Staff writer and a microbiologist (asmeee@yahoo.com)

Treponema pallidum a spirochete bacterium which looks like a spiral worm is nicknamed “the Great Imitator” because the clinical manifestations of late-stage are changeable and many of which look like symptoms from other diseases from the painless sore that you would get after you are first infected can be confused for an in-grown hair, zipper cut, or other seemingly harmless bump. The non-itchy body rash that develops during the second stage of syphilis can show up on the palms of your hands and soles of your feet, all over your body, or in just a few places.

Syphilis which is highly infectious disease can be transmitted through blood transfusion or from mother to fetus in the womb. Without treatment, syphilis can cause irreversible damage to the brain, nerves, and body tissues.

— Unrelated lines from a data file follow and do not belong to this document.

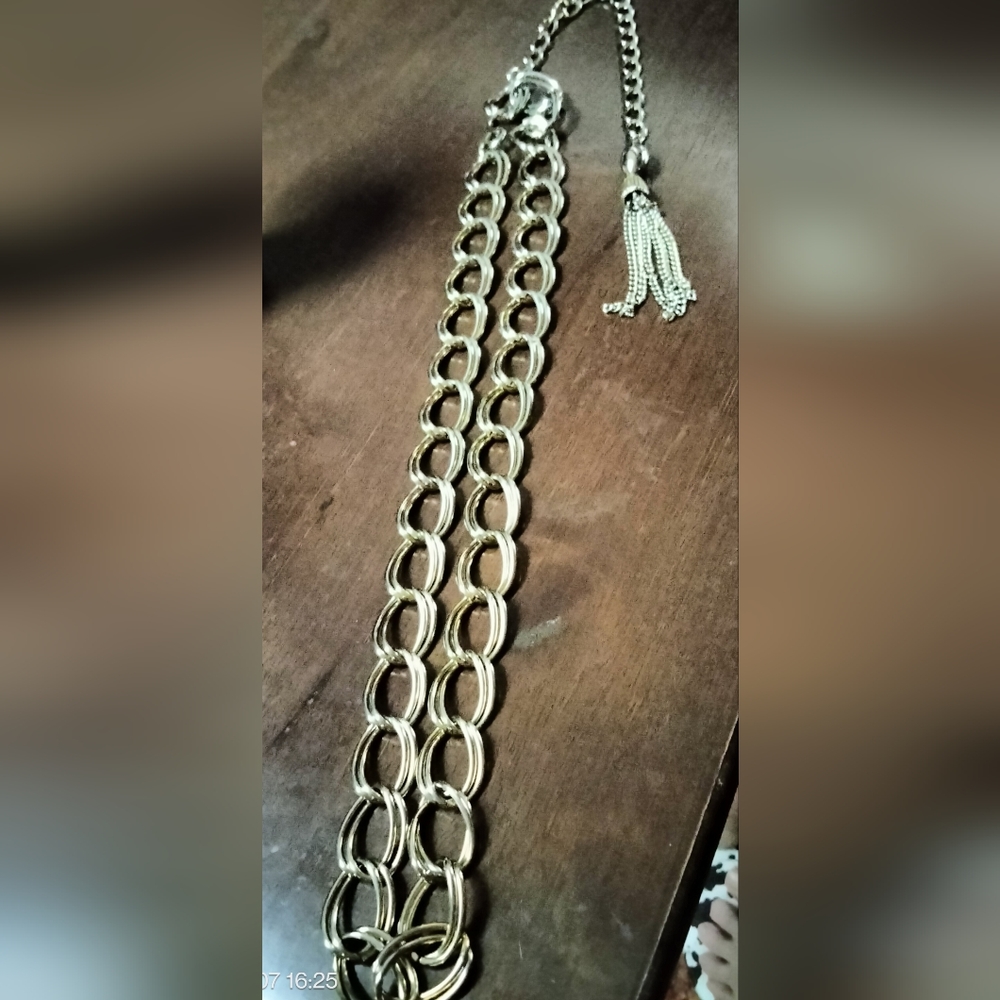 Vintage Long Chain Necklace/Belt with Tassel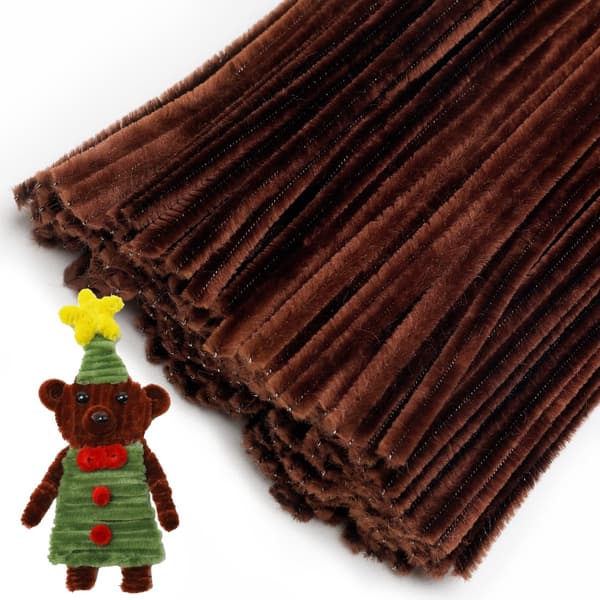 200 STK Brune Piperensere, Håndverk Chenille Stengler for DIY Kunst og Håndverk, Dekorasjoner og Kreative Prosjekter
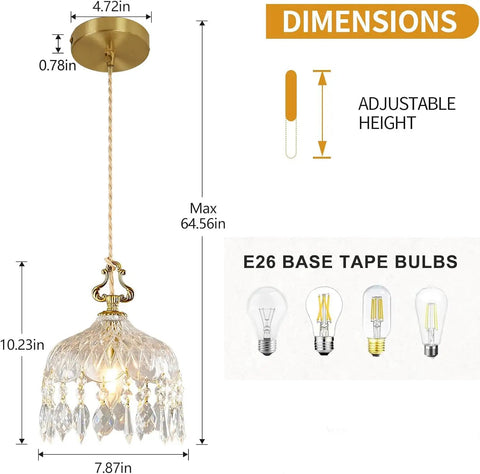 Top Shelf Vintage Crystal Pendant Light With Dope Diamond Cut Glass Shade And Legit Brass Accents Adjustable 0.5 To 70 Inch Cord dimensions and bulb types
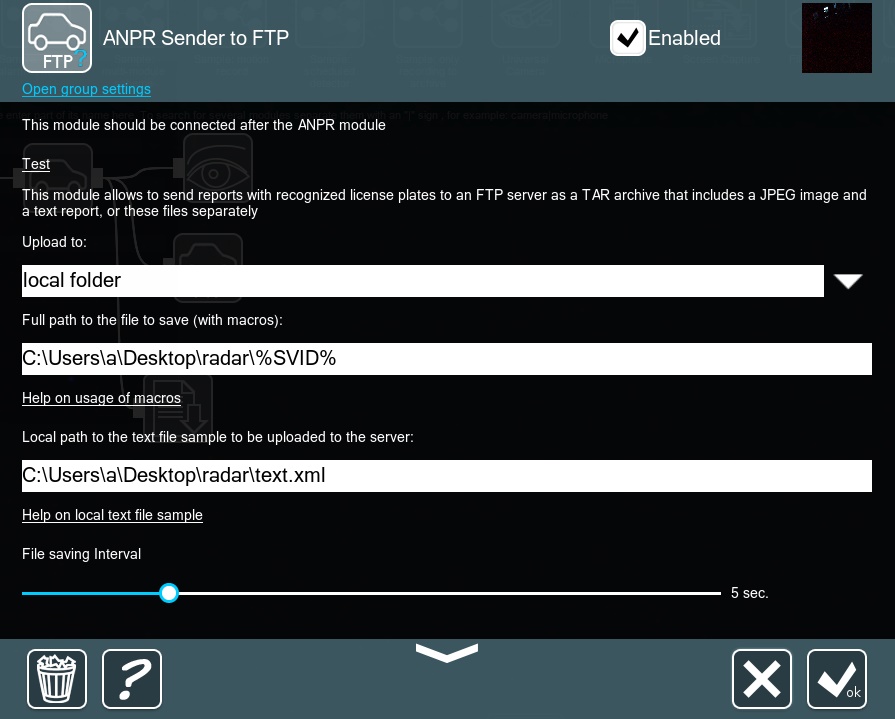 ANPR sender to FTP module's settings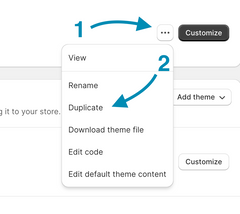 Duplicating your Shopify theme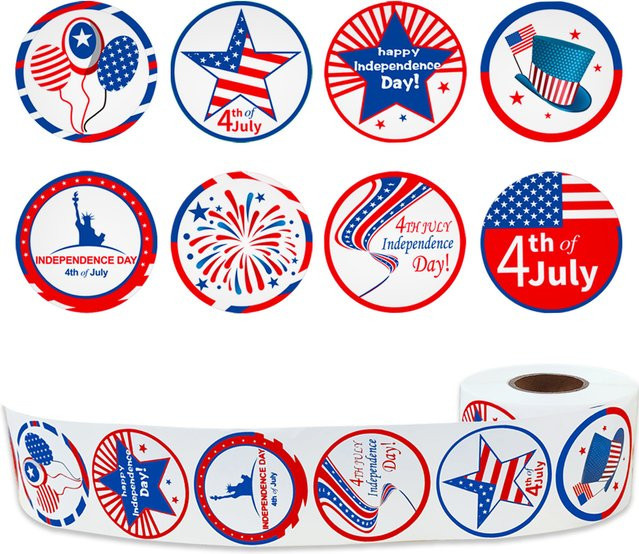 TYFYO 500 Stück USA 250. Jubiläum Aufkleber-Rolle, Patriotische Aufkleber für den 4. Juli 2026, Mehrfarbig, Durchmesser: 3,81 cm - Bild 1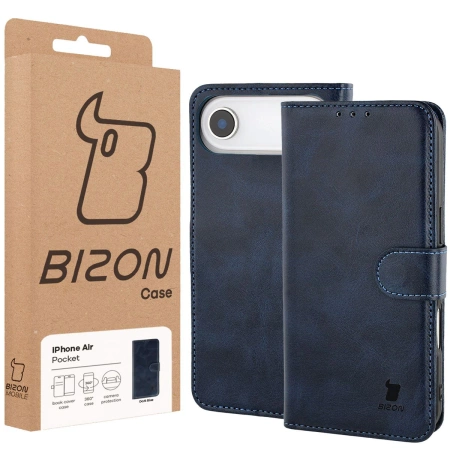 Etui z klapką Bizon Case Pocket do iPhone Air, granatowe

Syphilis is a highly contagious disease spread primarily by sexual activity, including oral and anal sex . Occasionally, the disease can be passed to another person through prolonged kissing or close bodily contact. Although this disease is spread from sores, the vast majority of those sores go unrecognized. The infected person is often unaware of the disease and unknowingly passes to his or her sexual partner.

Pregnant  women with the disease can spread it to their baby. This disease, called congenital syphilis, can cause abnormalities or even death to the child. If not treated immediately, an infected baby may be born without symptoms but could develop them within a few weeks. These signs and symptoms can be very serious. Untreated babies may become developmentally delayed, have  seizures  or die.

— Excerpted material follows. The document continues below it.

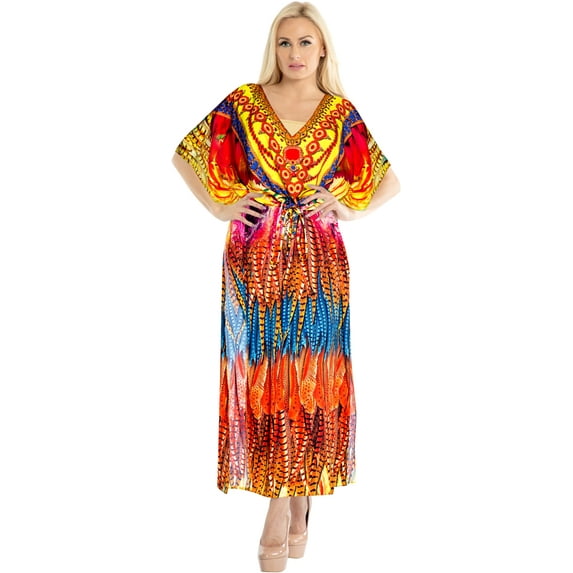 HAPPY BAY Women's Loungewear African Beach Cover Up Slit Dress Long Home Wear Maxi Dresses Caftans for Women Plus Size 2X-3X Orange, Jewels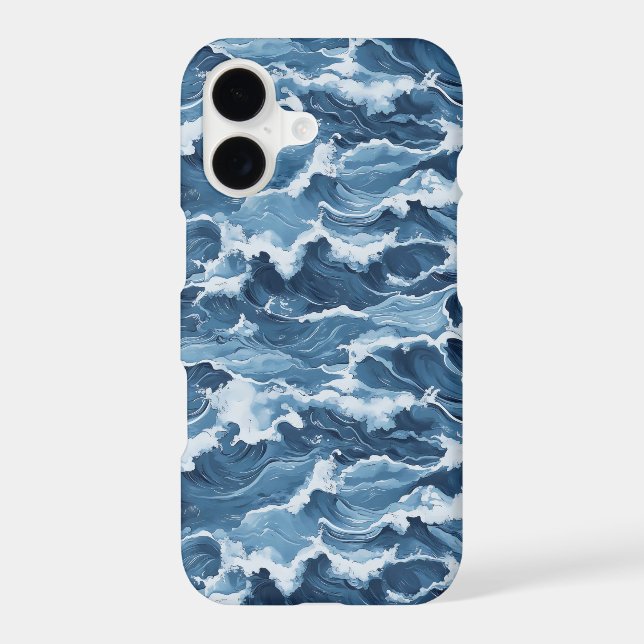 Blue Waves Pattern Case-Mate iPhone Case (Back)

Syphilis cannot be spread by toilet seats, door knobs, swimming  pools, hot tubs, bath tubs, shared clothing, or eating utensils.



Early or primary syphilis

People with primary syphilis will develop one or more sores. The sores are usually small painless ulcers. They occur on the genitals or in or around the mouth somewhere between 10-90 days (average three weeks) after exposure. Even without treatment they heal without a scar within six weeks.
It may last one to three months and begins within six weeks to six months after exposure. People with secondary syphilis experience a rosy “copper penny” rash typically on the palms of the hands and soles of the feet. However, rashes with a different appearance may occur on other parts of the body, sometimes resembling rashes  caused by other diseases. They may also experience moist warts in the groin, white patches on the inside of the month , swollen lymph glands , fever, and weight loss. Like primary syphilis, secondary syphilis will resolve without treatment.The secondary stage

Latent syphilis

This is where the infection lies dormant (inactive) without causing symptoms.

Tertiary syphilis

If the infection isn’t treated, it may then progress to a stage characterized by severe problems with the heart, brain  and nerves that can result in paralysis, blindness, dementia, deafness , impotence, and even death if it’s not treated.

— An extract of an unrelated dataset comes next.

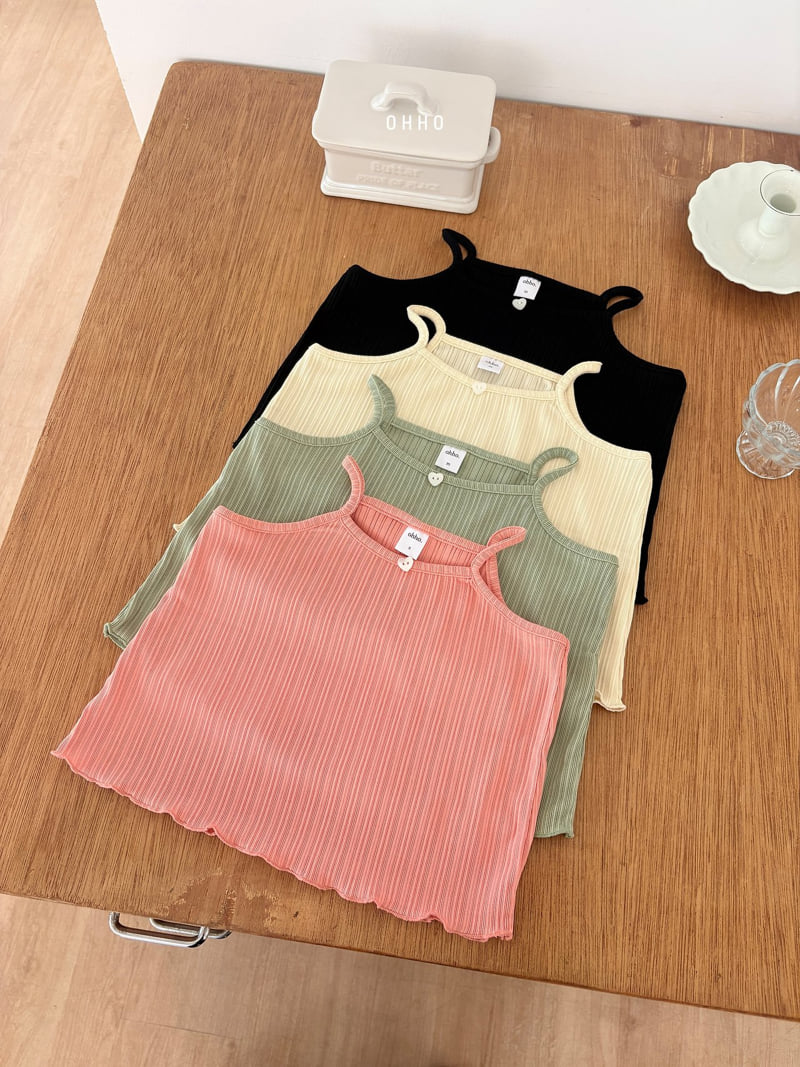 Ohho - Korean Children Fashion - #toddlerclothing - Heart Pleated Sleeveless Top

Syphilis can be easily diagnosed with a quick and inexpensive blood test given at your doctor’s office or at a public health clinic. If you’ve been infected with syphilis for less than a year, a single dose of penicillin is usually enough to destroy the infection. If you are in a later stage of disease, more doses will be needed.

People who are being treated for syphilis must abstain from sexual contact until the infection is completely gone. Sexual partners of people with syphilis should be tested and, if necessary, treated.

Syphilis is a curable disease with prompt diagnosis and treatment. However, if treated too late, there may be permanent damage to the heart and  brain and problems such as dementia, blindness, or death even after the infection is destroyed.


To reduce your risk of syphilis infection:

  • Avoid intimate contact with a person you know is infected.
  • If you do not know if a sexual partner is infected, use a condom in every sexual encounter.